The relation between the Kremlin and the Stalinist parties in “power” are modified to the extent that these parties enjoy the confidence of large masses. It is evident that Stalin, who views favorably the armies of Mao Tse-dun harassing the forces of Chiang Kai-shek in China – a formidable trump card in his bargaining with Washington – considers with growing uneasiness any definitive victory on the part of Mao Tse-dun. If Tito, in a country so tiny in comparison to Russia, has already dared to rebel, what would be the attitude tomorrow of a CP dominating a country such as China? The more Stalinism expands, the greater become the centrifugal forces it unleashes.

Smelling the sensational aspect of the conflict, the ignorant section of the capitalist press shouts from the roof tops that the Tito defection breaches the strategic potential of the USSR in Eastern Europe. It is true that Tito has created a breach, but not in the place where the capitalists are looking for it.
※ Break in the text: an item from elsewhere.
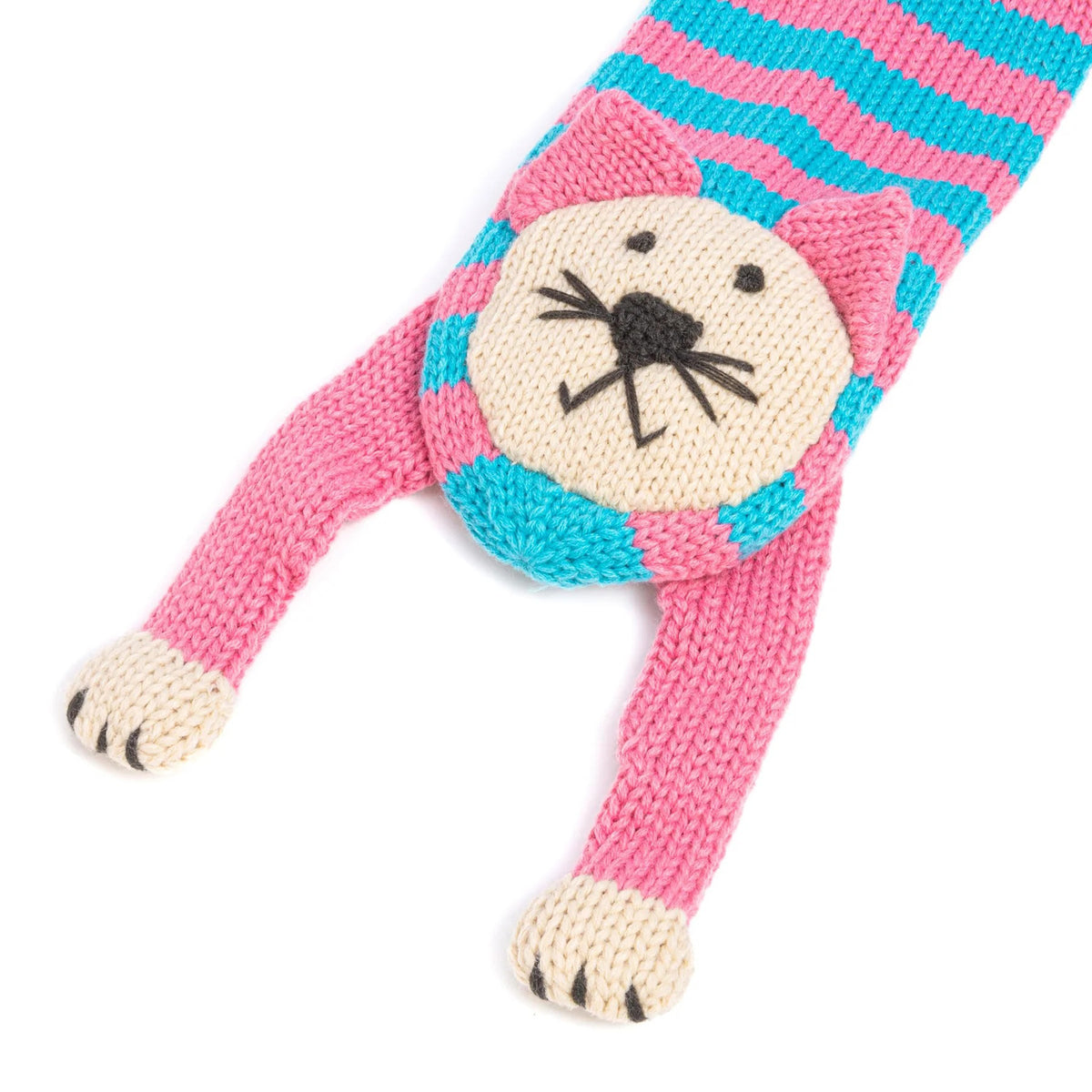 Knitted Cat Scarf - Pink & Blue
A breach has just been created in the ossified consciousness of scores of thousands of Communist members in Yugoslavia, in Switzerland, in all the countries of Eastern Europe, and one hopes, of the entire world; a breach in their belief in the infallibility of Stalin. This means a breach in the whole ideological edifice so painstakingly constructed on the basis of the USSR as “the only fatherland of all the workers.” The word “degeneration” is already circulating in the Yugoslav CP cadres, and not only there!
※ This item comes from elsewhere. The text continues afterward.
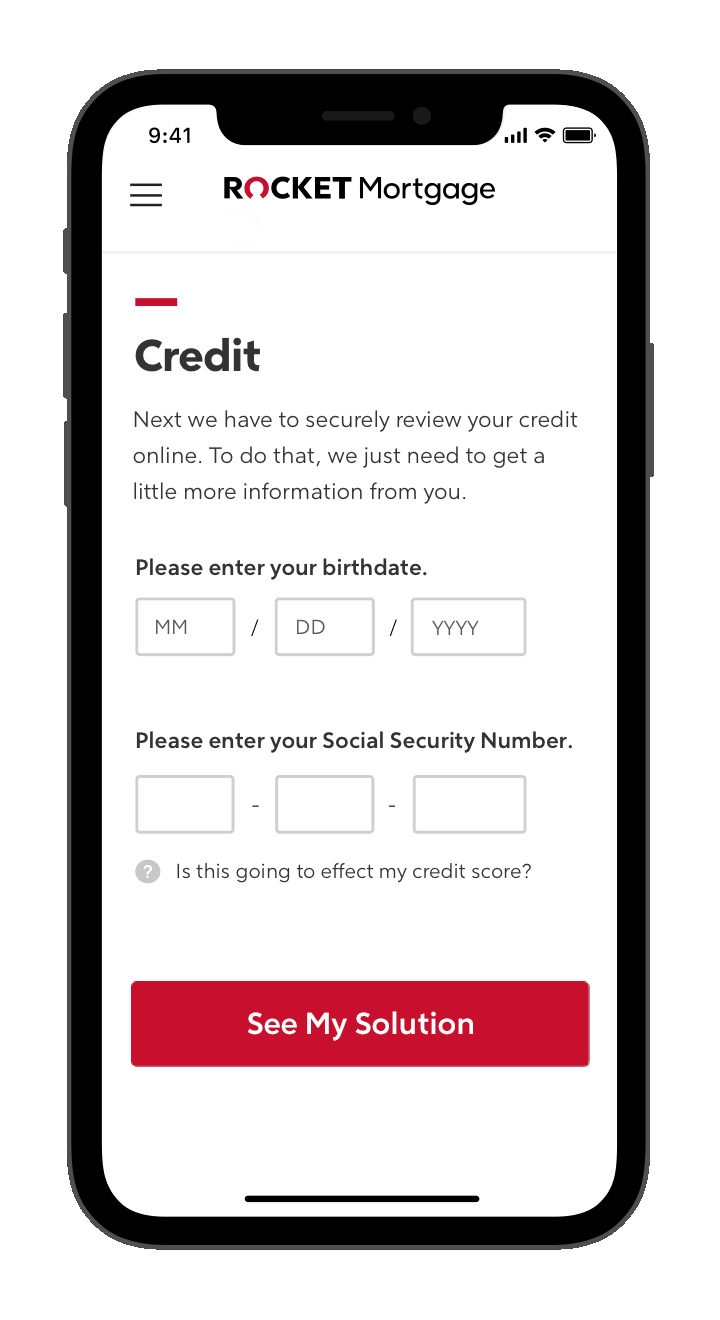 Rocket Mortgage application with credit question on phone screen.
It is now ten years since the end of the Moscow trial when’ Stalin massacred the old Bolshevik guard. That was the end of the initial period of Stalinism, during which Stalin did not yet dare break openly with the formulas of Leninism. The following period witnessed a series of abject crimes, not the least of which was the systematic poisoning of the workers of the USSR and the entire World with nationalist poison.
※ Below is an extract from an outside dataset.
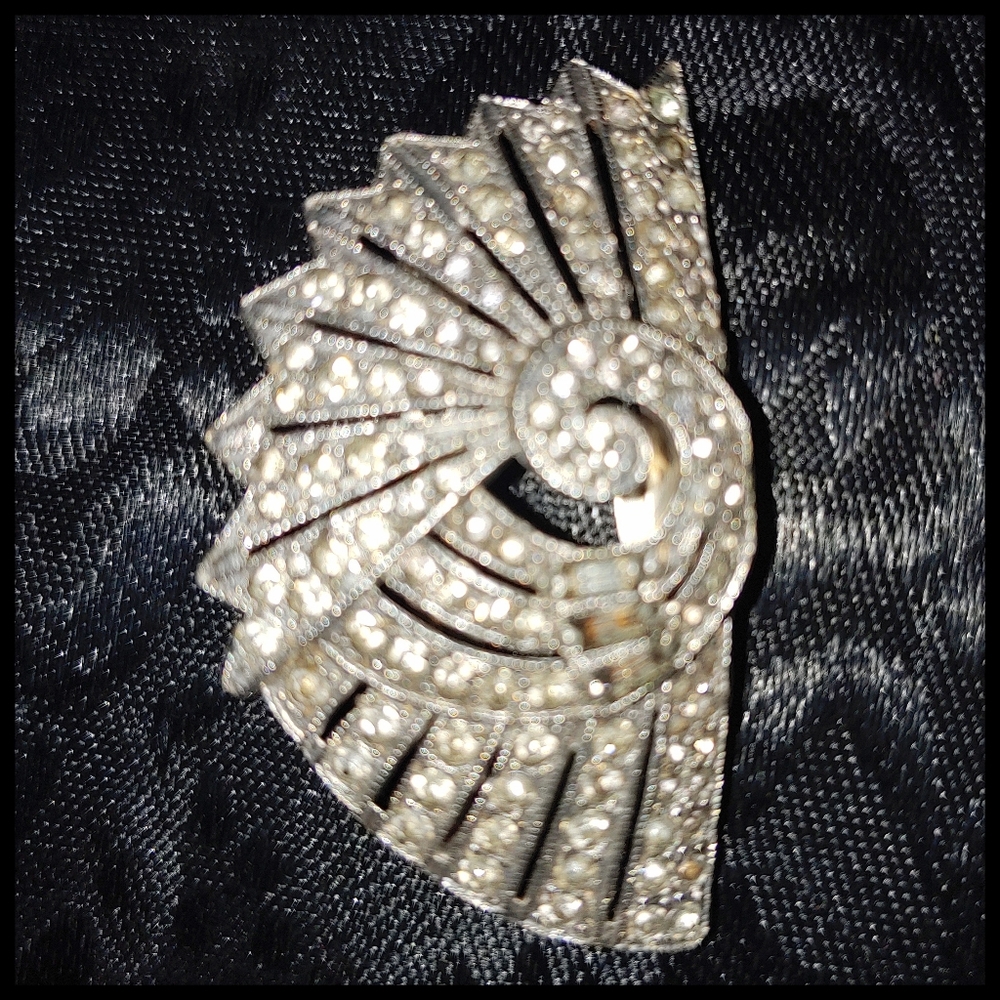 Vintage Art Deco Rhinestone 2 Piece Buckle - Picture 4 of 5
Today history is beginning to revenge itself on Stalin. We cannot but feel a certain satisfaction before the spectacle which makes the very instruments of Stalin’s crimes, the instrument of his punishment.
 

Ten Years

If the Communist advance guard of several countries will succeed in drawing conclusions from the Tito affair – and they should be helped in this task with all our strength – it will signify an important step toward the regeneration of the world labor movement as well as the regeneration of the USSR.